The example appears to show that, if everyone punishes good behavior, you'll get bad behavior. This seems pretty obvious when stated like that. What was the point being made beyond that, if anything?

[-]electroswing2y30

I'm not sure what the author intended, but my best guess is they wanted to say "punishment is bad because there exist really bad equilibria which use punishment, by folk theorems". Some evidence from the post (emphasis mine):

Rowan: "If we succeed in making aligned AGI, we should punish those who committed cosmic crimes that decreased the chance of an positive singularity sufficiently."
Neal: "Punishment seems like a bad idea. It's pessimizing another agent's utility function. You could get a pretty bad equilibrium if you're saying agents should be intentionally harming each others' interests, even in restricted cases."

[...]

Rowan: "Well, I'll ponder this. You may have convinced me of the futility of punishment, and the desirability of mercy, with your... hell simulation. That's... wholesome in its own way, even if it's horrifying, and ethically questionable."

Folk theorems guarantee the existence of equilibria for both good (31) and bad (99) payoffs for players, both via punishment. For this reason I view them as neutral: they say lots of equilibria exist, but not which ones are going to happen.

I guess if you are super concerned about bad equilibria, then you could take a stance against punishment, because then it would be harder/impossible for the everyone-plays-99 equilibrium to form. This could have been the original point of the post but I am not sure.

[-]Seth Herd2y31

That's right, I think that was the original point. But this example seems to be a bad one for making that point, because it's punishing pro-social behavior. If you could show how punishing antisocial, defecting behavior had bad consequences, that would be interesting.

[-]Martin Randall2y30

The solution for infinite iterated prisoners dilemma given in the opening post is an example of potential bad consequences for punishing anti-social defecting behavior. A single defection at any point in the infinitely long game causes both players to get the worst outcome in the limit.
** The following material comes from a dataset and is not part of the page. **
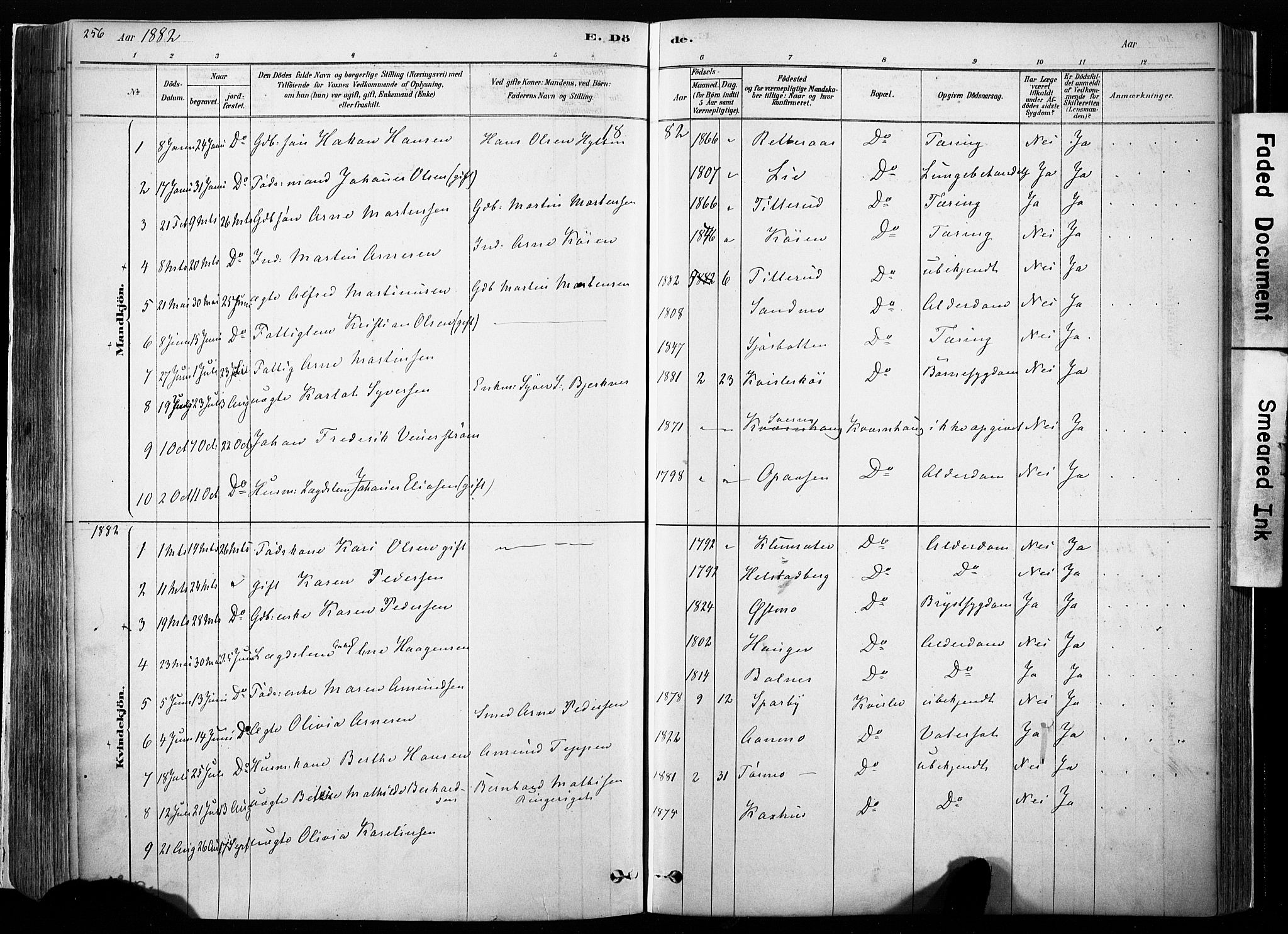 Hof prestekontor, SAH/PREST-038/H/Ha/Haa/L0010: Parish register (official) no. 10, 1878-1909, p. 256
If both players are perfectly rational and error-free then this is not fatal. However, a better strategy with reduced punishment and some mercy gets better outcomes in scenarios where those assumptions don't hold.

[-]Seth Herd2y30

I agree, that's a way better example because that type of punishment sounds like a potentially good strategy on the face of it.

[-]Dagon2y41

This is much clearer, thank you. I appreciate the inclusion of

so many Nash equilibria really demonstrates how limited the concept of Nash equilibrium can be.

Because it reinforces the danger of naively applying toy problems to real-world interactions. It doesn't require much communication to form a coalition to break the less-pleasant equilibria, in favor of better ones. The insight that the solutions are likely to be Nash equilibria is a good one, but the constraints that keep it a static one, rather than cycling or finding better ones, are hard to find in reality.

[-]Dacyn2y31

The number 99 isn’t unique—this works with any payoff between 30 and 100.
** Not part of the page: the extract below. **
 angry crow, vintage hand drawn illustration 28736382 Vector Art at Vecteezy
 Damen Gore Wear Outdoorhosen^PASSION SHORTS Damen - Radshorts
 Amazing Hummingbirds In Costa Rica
Actually, it only works with payoffs below 99.3 -- this is the payoff you get by setting the dial to 30 every round while everyone else sets their dials to 100, so any Nash equilibrium must beat that. This was mentioned in jessicata's original post.

Incidentally, this feature prevents the example from being a subgame perfect Nash equilibrium -- once someone defects by setting the dial to 30, there's no incentive to "punish" them for it, and any attempt to create such an incentive via a "punish non-punishers" rule would run into the trouble that punishment is only effective up to the 99.3 limit.

[-]MondSemmel2y30

The only thing I learned from that original post is that, if you use mathematically precise axioms of behavior, then you can derive weird conclusions from game theory. This part is obvious and seems rather uninteresting.

The strong claim from the original post, namely the hell scenario, comes from then back-porting the conclusions from this mathematical rigor to our intuitions about a suggested non-rigorous scenario.

But this you cannot do unless you've confirmed that there's a proper correspondence from your axioms to the scenario.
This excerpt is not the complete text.